In an EPA budget hearing on Tuesday, Senate Environment and Public Works Chairman Jim Inhofe (R-Okla.) said the legal challenge might not be resolved until 2018, the year in which the final state emissions reductions plans are due.
“Is that deadline going to be delayed also, the same as the deadline for the beginning that would have taken place on September the 6th?” he asked McCarthy.
McCarthy responded, “Senator, what we do know is that the implementation of the rule is currently stayed. The Supreme Court didn’t actually speak to any of the tolling issues regarding the compliance requirements. We certainly know that the issue will not be resolved by this coming October or September. Beyond that, the courts are going to have to speak to that issue when decisions are made.”

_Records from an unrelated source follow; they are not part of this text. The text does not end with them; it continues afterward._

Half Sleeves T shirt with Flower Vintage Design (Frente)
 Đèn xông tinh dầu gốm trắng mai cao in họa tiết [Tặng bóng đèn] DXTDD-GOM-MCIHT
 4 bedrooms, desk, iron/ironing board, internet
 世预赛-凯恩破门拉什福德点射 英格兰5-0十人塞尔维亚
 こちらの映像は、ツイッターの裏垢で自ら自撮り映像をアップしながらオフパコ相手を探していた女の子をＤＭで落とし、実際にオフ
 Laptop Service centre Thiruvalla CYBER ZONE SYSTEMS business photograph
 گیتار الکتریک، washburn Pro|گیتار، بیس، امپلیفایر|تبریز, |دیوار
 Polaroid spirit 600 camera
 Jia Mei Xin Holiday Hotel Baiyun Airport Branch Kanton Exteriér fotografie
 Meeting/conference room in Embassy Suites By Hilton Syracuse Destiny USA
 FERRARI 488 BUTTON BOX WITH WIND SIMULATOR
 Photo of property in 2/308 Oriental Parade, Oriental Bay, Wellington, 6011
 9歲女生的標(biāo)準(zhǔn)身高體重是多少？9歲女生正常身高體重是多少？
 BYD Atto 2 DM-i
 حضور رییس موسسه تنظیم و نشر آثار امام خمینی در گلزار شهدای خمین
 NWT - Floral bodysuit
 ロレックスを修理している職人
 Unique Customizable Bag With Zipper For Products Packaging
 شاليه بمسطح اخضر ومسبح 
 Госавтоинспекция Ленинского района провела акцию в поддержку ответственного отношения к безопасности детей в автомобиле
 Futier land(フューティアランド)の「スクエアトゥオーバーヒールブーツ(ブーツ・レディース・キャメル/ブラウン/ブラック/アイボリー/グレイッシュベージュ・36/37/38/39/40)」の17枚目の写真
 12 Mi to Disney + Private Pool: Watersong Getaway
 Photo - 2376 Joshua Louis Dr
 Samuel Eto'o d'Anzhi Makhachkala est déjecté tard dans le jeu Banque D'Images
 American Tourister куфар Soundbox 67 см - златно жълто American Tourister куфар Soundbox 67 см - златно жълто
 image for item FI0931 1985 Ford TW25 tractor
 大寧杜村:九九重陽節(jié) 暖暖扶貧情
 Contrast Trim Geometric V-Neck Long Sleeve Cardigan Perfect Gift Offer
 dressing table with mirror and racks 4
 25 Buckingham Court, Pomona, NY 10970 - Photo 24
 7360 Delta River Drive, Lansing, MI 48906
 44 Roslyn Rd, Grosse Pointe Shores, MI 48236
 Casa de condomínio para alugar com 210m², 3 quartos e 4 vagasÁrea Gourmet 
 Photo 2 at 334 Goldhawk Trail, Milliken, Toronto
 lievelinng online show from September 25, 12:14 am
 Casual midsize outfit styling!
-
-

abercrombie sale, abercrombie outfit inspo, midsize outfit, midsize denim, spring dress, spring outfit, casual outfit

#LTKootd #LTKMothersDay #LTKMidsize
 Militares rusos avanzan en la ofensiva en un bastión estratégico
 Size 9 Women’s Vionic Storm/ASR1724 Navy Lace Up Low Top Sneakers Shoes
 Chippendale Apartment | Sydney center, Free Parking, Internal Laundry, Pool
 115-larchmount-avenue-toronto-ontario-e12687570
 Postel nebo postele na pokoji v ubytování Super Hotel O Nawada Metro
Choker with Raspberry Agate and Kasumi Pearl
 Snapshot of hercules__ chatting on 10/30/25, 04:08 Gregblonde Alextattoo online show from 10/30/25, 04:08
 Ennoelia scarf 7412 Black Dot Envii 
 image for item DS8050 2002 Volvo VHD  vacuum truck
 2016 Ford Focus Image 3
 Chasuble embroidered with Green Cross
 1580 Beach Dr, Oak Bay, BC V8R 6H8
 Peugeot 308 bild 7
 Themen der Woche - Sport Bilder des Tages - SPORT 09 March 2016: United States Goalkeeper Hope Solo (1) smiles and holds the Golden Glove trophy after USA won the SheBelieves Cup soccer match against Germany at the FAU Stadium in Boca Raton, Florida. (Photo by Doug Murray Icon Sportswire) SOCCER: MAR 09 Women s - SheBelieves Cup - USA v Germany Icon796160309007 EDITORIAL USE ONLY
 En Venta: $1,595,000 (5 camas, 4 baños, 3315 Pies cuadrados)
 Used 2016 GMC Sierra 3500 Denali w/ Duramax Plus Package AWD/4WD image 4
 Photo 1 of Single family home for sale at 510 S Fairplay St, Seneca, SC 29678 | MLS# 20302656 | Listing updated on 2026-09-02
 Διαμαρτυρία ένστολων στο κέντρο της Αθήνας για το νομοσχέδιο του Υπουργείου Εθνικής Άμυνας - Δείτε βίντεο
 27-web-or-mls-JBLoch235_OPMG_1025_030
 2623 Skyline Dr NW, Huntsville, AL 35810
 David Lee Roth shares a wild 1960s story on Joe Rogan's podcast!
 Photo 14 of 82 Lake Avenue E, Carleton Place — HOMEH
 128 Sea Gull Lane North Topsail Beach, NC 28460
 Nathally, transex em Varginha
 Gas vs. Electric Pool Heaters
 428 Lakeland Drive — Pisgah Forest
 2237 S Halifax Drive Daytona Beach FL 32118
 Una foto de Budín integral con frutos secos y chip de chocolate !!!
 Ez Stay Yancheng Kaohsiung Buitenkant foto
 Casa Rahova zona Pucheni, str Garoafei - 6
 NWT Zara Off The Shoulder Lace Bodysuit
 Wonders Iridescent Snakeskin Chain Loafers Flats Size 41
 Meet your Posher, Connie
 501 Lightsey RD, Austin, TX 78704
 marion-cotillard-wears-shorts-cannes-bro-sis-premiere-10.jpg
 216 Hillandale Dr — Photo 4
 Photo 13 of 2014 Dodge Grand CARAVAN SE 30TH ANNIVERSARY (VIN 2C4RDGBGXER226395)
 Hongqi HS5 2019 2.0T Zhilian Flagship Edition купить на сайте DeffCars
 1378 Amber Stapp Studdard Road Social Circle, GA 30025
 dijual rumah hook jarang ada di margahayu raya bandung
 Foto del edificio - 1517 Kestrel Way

Senator Sen. Shelley Moore Capito (R-W.Va.) later called for definitive information from EPA regarding potential suspension of the compliance date deadlines, given the plan’s “massive consequences” for the states. McCarthy said the agency hopes the legal process will be expedited, but noted again that the Supreme Court had not addressed the tolling issue.
“We do not have the authority on our own to be able to make changes to [the Supreme Court] rule, and we certainly expect that the courts, when they make their final decisions, will speak to that issue directly,” said McCarthy, who reaffirmed her confidence that the CPP would survive the legal challenge.
McCarthy said, though, that in the meantime that her management team is working closely with the EPA General Counsel’s Office and the Department of Justice to ensure the agency is not conducting any enforcement or implementation work on the CPP that would violate the Supreme Court stay.
The EPA is requesting nearly $8.3 billion for fiscal 2017, which begins on Oct. 1. That would include $235 million for emissions reduction activities, with roughly $25 million for EPA efforts to work with states that are voluntarily moving forward with implementation during the court stay and $25 million in grants available to states for those efforts, McCarthy said. The rest would be distributed to programs such as vehicle and methane reductions and the Energy Star energy efficiency project, she added.
McCarthy faced heat from Inhofe and other GOP senators for focusing of climate change, which the chairman charged came at the expense of dealing with priority issues such as the Flint, Mich., water crisis, and for EPA regulations the lawmakers said have cost thousands of jobs in coal and other industries in their states.
“The president is intent on picking winners and losers in the energy economy,” Inhofe said.
Democratic lawmakers countered that the coal industry’s troubles are the result of a changing energy market currently being driven by lower natural gas prices. More than one noted 2015 was the hottest year on record globally, and asserted that the Clean Power Plan would be a key element in the U.S. effort to combat this threat.
Climate change driven by emissions also threatens the states’ economic well-being, Sen. Sheldon Whitehouse (D-R.I.) said, urging the EPA to sustain its efforts. He said recent newspaper articles reported that seaside marshes in Rhode Island cannot keep up with rising sea levels, and that 550 historic buildings in and near the city of Newport, with a total value of nearly $500 million, are also vulnerable to the rising waters.
“Unless somebody around here wants to repeal the law of thermal expansion, then we’re going to have to address this problem,” Whitehouse said. He added later, “The more that Wyoming coal pollutes, the more that we experience these change in Rhode Island.”